Diante do novo pedido do BNDES, porém, o Ministério da Fazenda de Fernando Haddad reviu sua posição.
Os auditores relatam na peça que o Tesouro enviou ofício em que “não teria registrado óbice à repactuação pretendida”, caso o TCU autorizasse a mudança.
“Ressalta-se, todavia, que a devolução dos recursos em questão não é uma mera disponibilidade da qual a União pode renunciar em benefício da instituição financeira de fomento por ela controlada”, afirma a nota técnica.
“[A devolução dos recursos] É a correção de uma irregularidade grave, que poderia ter sido corrigida de forma mais célere, não tendo sido apresentados quaisquer motivos que justificassem a protelação do retorno ao status quo anterior.”
O BNDES diz, em nota, que um acórdão do TCU já estabelece que a devolução ocorra “de acordo com cronograma pactuado entre o Tesouro Nacional e o BNDES”, o que, na visão do banco, abriria possibilidade para renegociação, uma vez que há concordância do Executivo.

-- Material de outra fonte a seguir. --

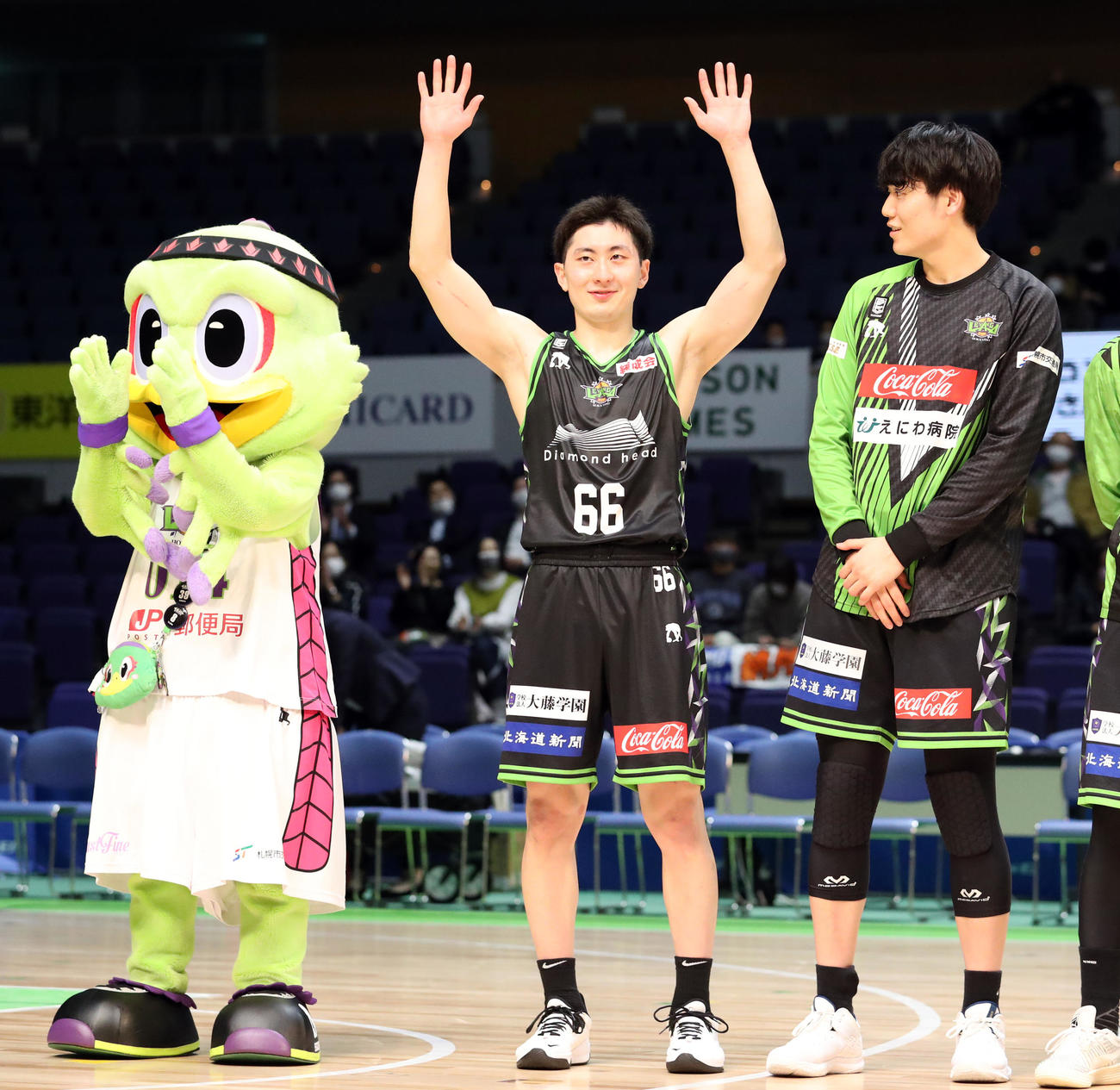 レバンガ北海道対新潟　声援に応えるレバンガ北海道松下（撮影・佐藤翔太）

“O novo cronograma foi pactuado visando a preservação de capacidade do BNDES de realizar investimentos em setores estratégicos como transição energética, sustentabilidade ambiental, indústria, agricultura, micro e pequenas empresas, cooperativas, além de demandas de infraestrutura de estados e municípios”, afirma a instituição.